In the hit new film Lady Bird, showing onboard this month, Christine ‘Lady Bird’ McPherson spends her last year at high school looking for love, falling out with her mum and trying desperately to escape her hometown of Sacramento, California.

So far, so teen angst. But this film’s special. With Lady Bird, first-time writer-director Greta Gerwig does the impossible and enriches the most cliched genre in all of Hollywood with authenticity, humour and heartwarming pathos. The critics noticed, bestowing it with two Golden Globes and five Oscar nominations.

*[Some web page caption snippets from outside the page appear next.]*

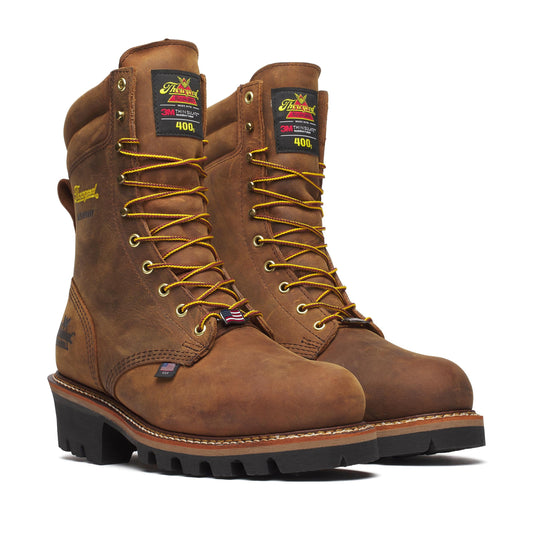 Men's Thorogood Logger  WP INSUL  Crazy Horse Steel Toe Vibram 9" - 804-3554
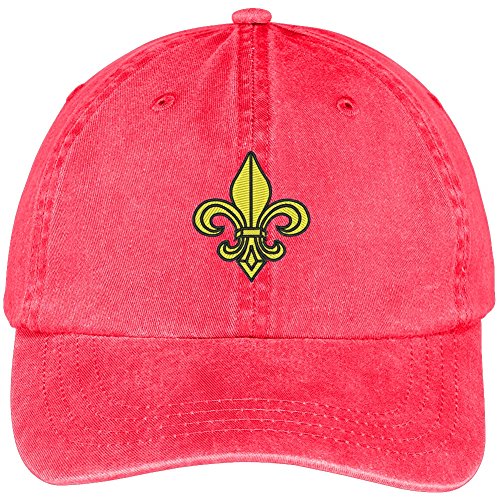 Trendy Apparel Shop Fleur De Lis Embroidered Pigment Dyed Washed Cotton Baseball Cap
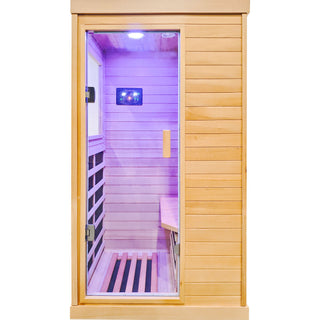Infrared Sauna Room Single Room With Hemlock Frame, 6 Heating Plates, Built-In Lights And Bluetooth Audio - Natural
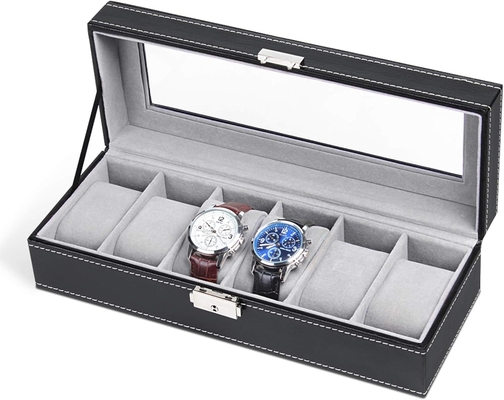 NEX 6 Slots Boîte de montres organisateur pour hommes, porte-montres noire Stand Affichage Cas de stockage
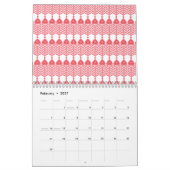 Calendrier Motif géométrique rouge et rose avec interlo (Feb 2027)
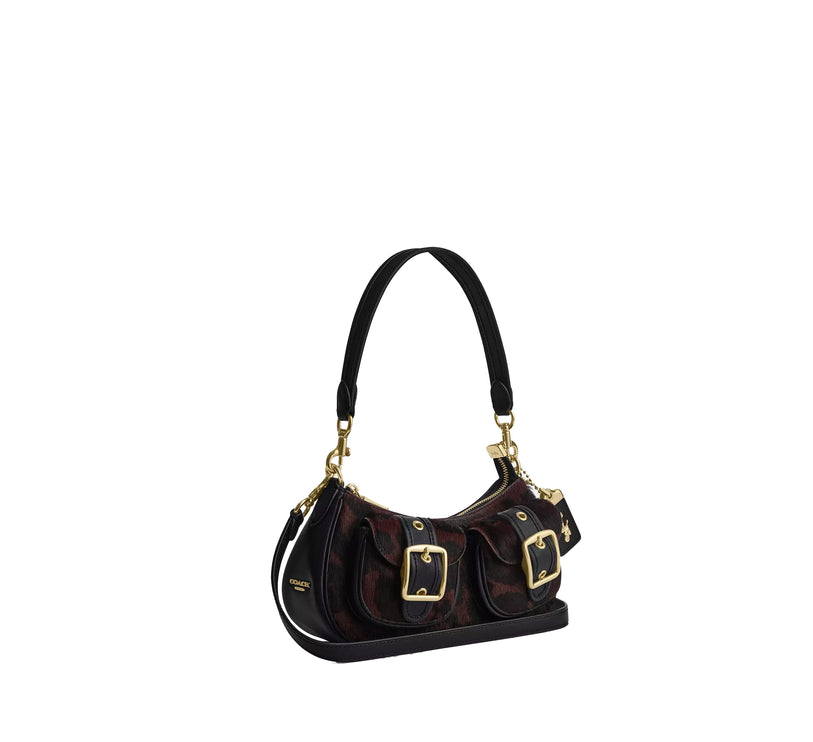 Coach Women's Ashton Bag In Haircalf With Leopard Print Gold/Dark Leopard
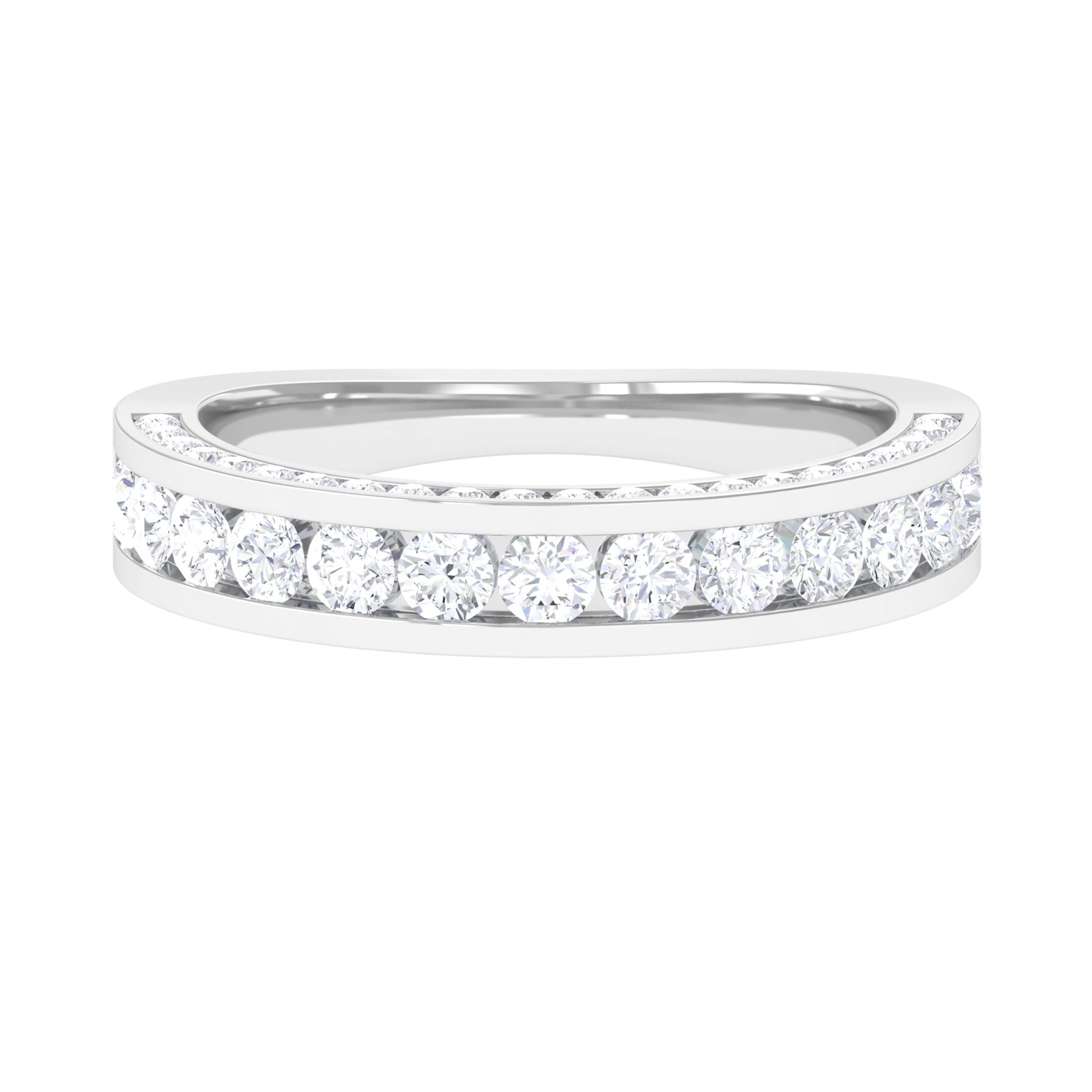 3.75 CT Certified Moissanite Gold Eternity Ring in Channel Setting Moissanite - ( D-VS1 ) - Color and Clarity - Rosec Jewels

USA, Vermont, Montpelier, buildings, Vermont State House
INTERFOTO / Alamy Stock Photo / Argusphoto

But the surprising star is the city itself. Old Sacramento is a 11-hectare National Historic Landmark District, along the banks of the Sacramento River, which recreates the ambience of the 1849 Gold Rush era: restored Old West buildings, raised wooden sidewalks, steam trains, paddle-ships and horse and carriage rides. There’s the Rio City Cafe, with an outdoor patio overlooking the water; and the art, shopping and nightlife of the city’s hip Midtown neighbourhood, including the stylish rustic-modern Red Rabbit for fresh seasonal produce (Sacramento is California’s farm-to-fork capital) and artisan cocktails. Sacramento is on its way up; Lady Bird would have been proud.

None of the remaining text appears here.